The European Central Bank left its key interest rates unchanged in its first policy session after "Brexit", as euro area policymakers wait for more data to assess the exact depth of the impact of the historic event.

The bank maintained interest rates for a third straight policy session.

The 25-member Governing Council, led by ECB President Mario Draghi, left the benchmark interest rate - the refi, unchanged at a record low zero percent, after the policy session in Frankfurt.

Previously, the refi rate was kept unchanged in April, after a surprise five-basis point reduction in March.

The deposit rate was kept steady at -0.40 percent, where it has been since a 10 basis points reduction in March.

The marginal lending facility rate was maintained at 0.25 percent, after a five basis point-cut in March.

The Governing Council continues to expect the key ECB interest rates to remain at present or lower levels for an extended period of time, and well past the horizon of the net asset purchases, the bank said in a statement.

Further, the bank confirmed that the monthly asset purchases of EUR 80 billion are intended to run until the end of March 2017, or beyond, if necessary, and in any case until it sees a sustained adjustment in the path of inflation consistent with its inflation aim.

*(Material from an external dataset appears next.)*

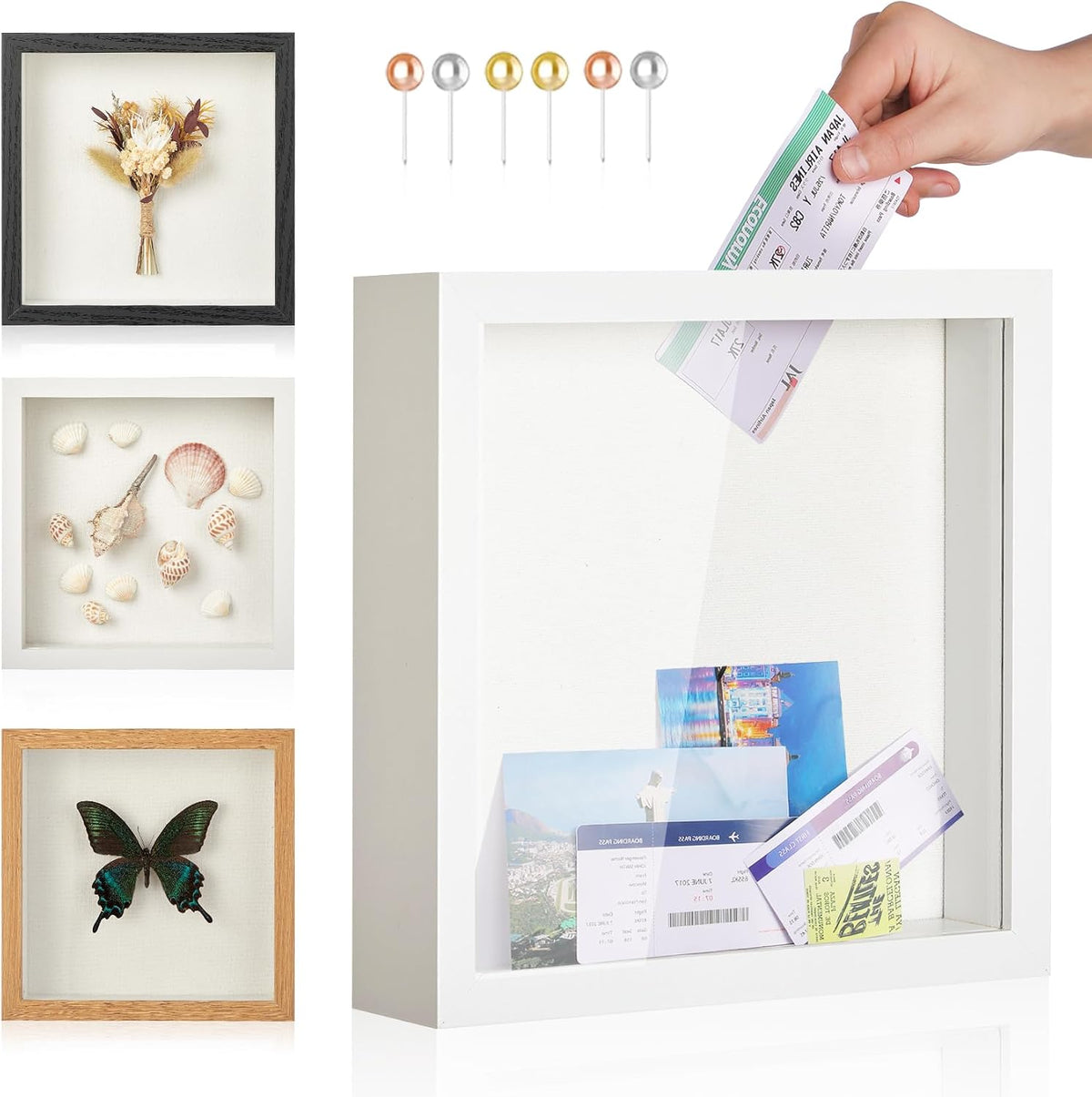 Travel Adventure Archive Shadow Box Frame with Slot, 12x12in White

In the June 23rd referendum, 52 percent Britons voted to leave the European Union in a surprise move. "Brexit" is expected to create a huge negative shock for the U.K. economy, and simultaneously slow the euro area recovery.

Draghi is widely expected to signal more stimulus during his post-decision press conference set to begin at 8.30 am ET.

"Given widespread fears that the Bank is reaching its limits, he may also outline some of the specific policies that would allow further loosening, such as dropping the restriction that only bonds yielding above the deposit rate are eligible for purchase," Capital Economics economist Jennifer McKeown said.

"It is even possible that the bank will do away with its capital key restriction in favor of buying bonds in proportion to the stock of outstanding debt, but this is much less likely."

The bank began purchasing corporate bonds in June, under its asset purchase plan to buy EUR 80 billion bonds a month. The first of the four auctions under the second round of targeted longer-term refinancing operations, or TLTRO II, was held in June, in which about EUR 399 billion was lent. These loans will mature in four years.